Vazhakaai Masala - Plantain Masala With Spices And Jaggery

Plantains are the kind of vegetable which just absorb the flavours of the spices they are cooked with. This recipe is my version of plantain masala mixed with jaggery and several other Indian spices. It's a simple dish, consumes less time and tastes great! Check this and try this out.

Vazhakkai masala
Raw plantains - 2
Onions - 2 chopped
Green chilies - 2 slit
Garlic pods - 5 sliced
Turmeric powder - 1/2 tsp.
Mustard seeds - 1/2 tsp.
Cumin seeds - 1 tbsp.
Curry leaves - few
Grated fresh coconut - 1/4 cup
Fennel seeds - 1/4 tsp.
Jaggery - size of half cut lemon
Salt - as per taste.
Peel the plantain skin, cut into round shape and soak in water to avoid discolouring.

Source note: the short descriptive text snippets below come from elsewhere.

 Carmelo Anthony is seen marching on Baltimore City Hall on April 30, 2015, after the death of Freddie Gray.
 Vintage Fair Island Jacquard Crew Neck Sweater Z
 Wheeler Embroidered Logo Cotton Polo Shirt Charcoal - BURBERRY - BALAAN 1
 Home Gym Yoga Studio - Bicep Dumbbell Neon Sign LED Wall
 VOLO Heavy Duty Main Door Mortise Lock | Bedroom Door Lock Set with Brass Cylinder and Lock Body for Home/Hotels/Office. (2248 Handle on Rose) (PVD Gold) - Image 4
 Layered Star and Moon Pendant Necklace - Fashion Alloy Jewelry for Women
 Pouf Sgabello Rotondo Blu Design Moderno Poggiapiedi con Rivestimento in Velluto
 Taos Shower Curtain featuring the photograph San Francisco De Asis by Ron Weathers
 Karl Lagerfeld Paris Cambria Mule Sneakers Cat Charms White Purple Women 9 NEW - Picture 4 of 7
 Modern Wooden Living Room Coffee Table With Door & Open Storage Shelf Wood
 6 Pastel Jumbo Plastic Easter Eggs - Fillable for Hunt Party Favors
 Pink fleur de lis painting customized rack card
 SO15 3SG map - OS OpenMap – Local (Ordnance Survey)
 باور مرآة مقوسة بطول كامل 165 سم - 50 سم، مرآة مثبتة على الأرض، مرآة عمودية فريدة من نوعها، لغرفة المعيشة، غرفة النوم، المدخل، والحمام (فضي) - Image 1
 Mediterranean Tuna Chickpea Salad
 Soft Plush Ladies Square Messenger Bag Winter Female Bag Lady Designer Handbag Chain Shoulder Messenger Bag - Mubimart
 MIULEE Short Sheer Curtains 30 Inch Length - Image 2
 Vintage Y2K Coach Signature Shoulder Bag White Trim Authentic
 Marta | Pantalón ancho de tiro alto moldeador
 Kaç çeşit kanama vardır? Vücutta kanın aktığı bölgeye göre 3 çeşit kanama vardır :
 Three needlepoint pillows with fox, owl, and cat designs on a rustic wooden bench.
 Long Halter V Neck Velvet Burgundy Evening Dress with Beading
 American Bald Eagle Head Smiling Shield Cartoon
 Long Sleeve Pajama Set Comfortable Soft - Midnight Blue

Heat oil in a pan, add mustard seeds and allow it to splutter.
Add chopped onions, green chilies, cumin seeds, garlic pods, fennel seeds, curry leaves and sprinkle some salt over it and saute it well for 3 minutes.
Now add plantains and sprinkle turmeric powder, required salt to it and saute for a minute.
Add little water to the pan, cook plantain until its tender.
Once plantains are cooked well, add jaggery and saute gently for few seconds.
Finally add grated coconut and stir it for half a minute and remove it from flame.
Serve it hot with rice or chapathis.